Problem to solve: From the entries below, reproduce exactly the line containing "ANTIQUE EDWARDIAN 1.36CT", the line containing "215 Center #607 San Antonio, TX 78202", and every line in between, with nothing added.

Information supplied:
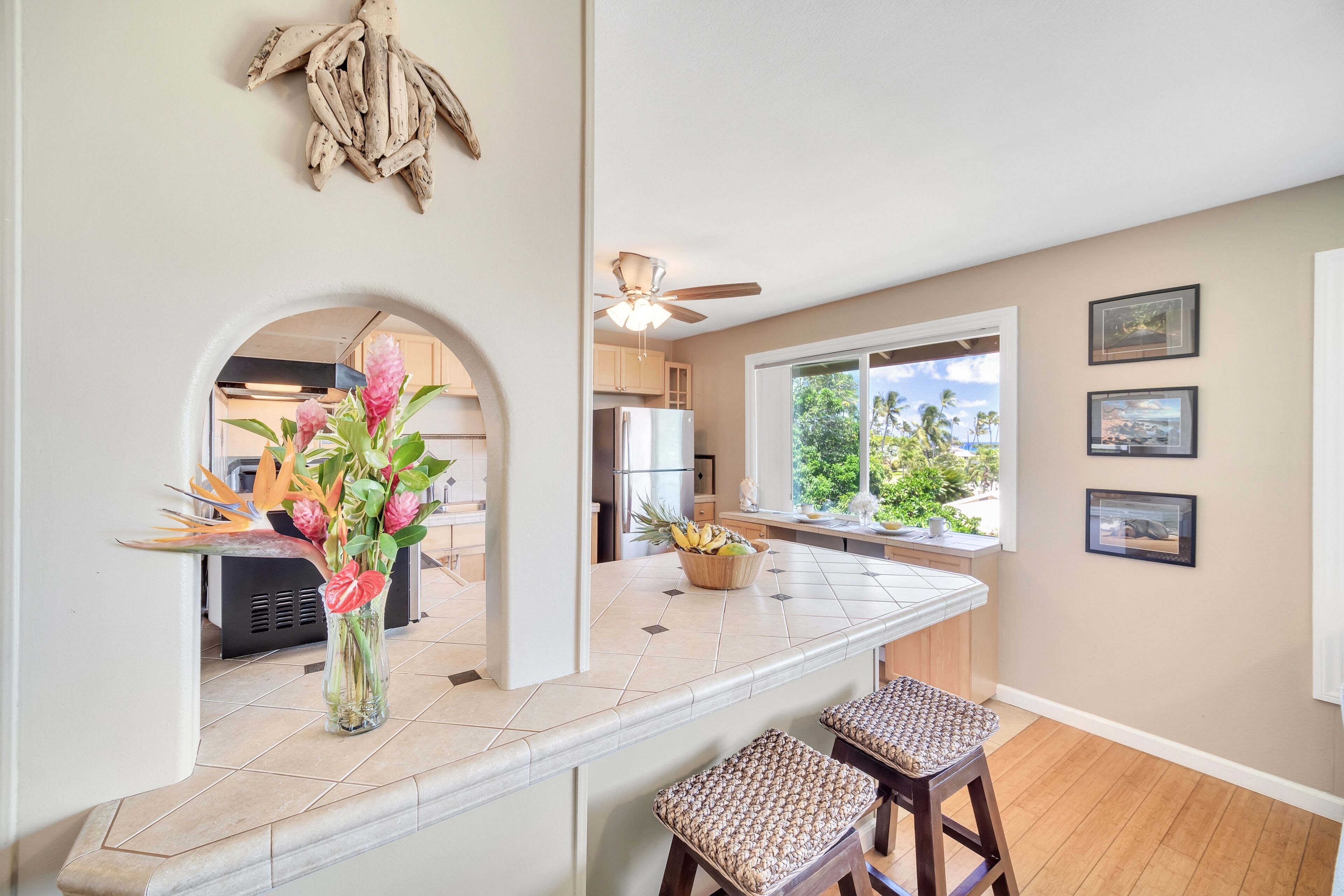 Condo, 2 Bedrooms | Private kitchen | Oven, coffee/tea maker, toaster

--

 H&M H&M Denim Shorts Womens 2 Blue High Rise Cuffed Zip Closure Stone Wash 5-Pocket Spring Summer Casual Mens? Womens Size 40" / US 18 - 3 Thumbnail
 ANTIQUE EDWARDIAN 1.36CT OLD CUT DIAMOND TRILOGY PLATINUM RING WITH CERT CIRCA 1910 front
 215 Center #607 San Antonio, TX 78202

Response to the task:
 ANTIQUE EDWARDIAN 1.36CT OLD CUT DIAMOND TRILOGY PLATINUM RING WITH CERT CIRCA 1910 front
 215 Center #607 San Antonio, TX 78202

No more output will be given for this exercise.